Environ 35 dirigeants ont déjà accepté de s'y rallier, sur quelque 50 invitations envoyées, a indiqué mercredi un haut responsable de l'administration Trump aux journalistes.

"Je pense que c'est le meilleur conseil jamais formé", s'est vanté Donald Trump mercredi lors d'une rencontre avec son homologue égyptien, Abdel Fattah al-Sissi, qui fait partie de ceux ayant accepté l'invitation.

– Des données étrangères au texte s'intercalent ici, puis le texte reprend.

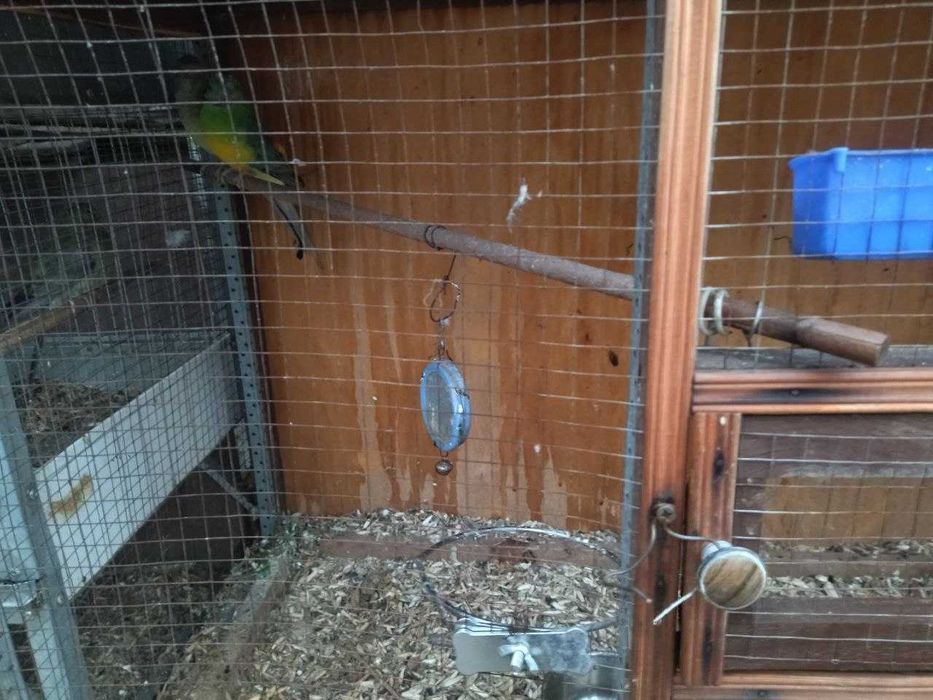 Срочно продам своих попугаев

Le président américain ne cache pas sa frustration de ne pas avoir eu le prix Nobel de la paix, alors qu'il affirme régulièrement avoir mis fin à huit guerres, un bilan contesté.

Rencontre avec Zelensky 

L'invitation de Vladimir Poutine inquiète particulièrement les alliés des Etats-Unis, notamment l'Ukraine qui cherche à mettre fin à presque quatre ans de guerre avec la Russie qui a envahi son pays en février 2022.

Donald Trump a prévu de rencontrer le président ukrainien, Volodymyr Zelensky, après le lancement de son "Conseil de paix".

A Davos mercredi, il a affirmé que la Russie et l'Ukraine seraient "stupides" de ne pas arriver à un accord pour mettre fin au conflit, qu'il avait promis de régler en une journée en prenant ses fonctions il y a un an.

Et il a répété que les présidents russe et ukrainien étaient proches d'un accord, une affirmation qu'il a souvent répétée même s'il a alternativement blâmé l'un ou l'autre pour l'absence de cessez-le-feu.

"Il ne reste qu'un point à régler" dans les négociations, a affirmé jeudi à Davos l'envoyé spécial américain Steve Witkoff, qui doit se rendre dans la journée à Moscou, avec le gendre de Donald Trump, Jared Kushner, pour des discussions avec Vladimir Poutine.

Volodymyr Zelensky s'est dit "inquiet" mardi d'une perte d'attention internationale sur le conflit en Ukraine, le plus sanglant en Europe depuis la Deuxième guerre mondiale, à cause du différend causé par les velléités du président américain de s'emparer du Groenland.

Donald Trump a assuré mercredi avoir conçu avec le chef de l'Otan Mark Rutte "le cadre d'un futur accord concernant le Groenland".

Il y a "encore beaucoup de travail à faire" pour trouver un accord sur le Groenland, a cependant déclaré à l'AFP M. Rutte.

La porte-parole de l'Otan, Allison Hart a précisé que "le secrétaire général n'avait proposé aucun compromis sur la souveraineté" du Danemark.

Le Danemark souhaite poursuivre "un dialogue constructif avec ses alliés" à propos du Groenland et de la sécurité dans l'Arctique mais dans le respect de son "intégrité territoriale", a affirmé de son côté la Première ministre danoise Mette Frederiksen.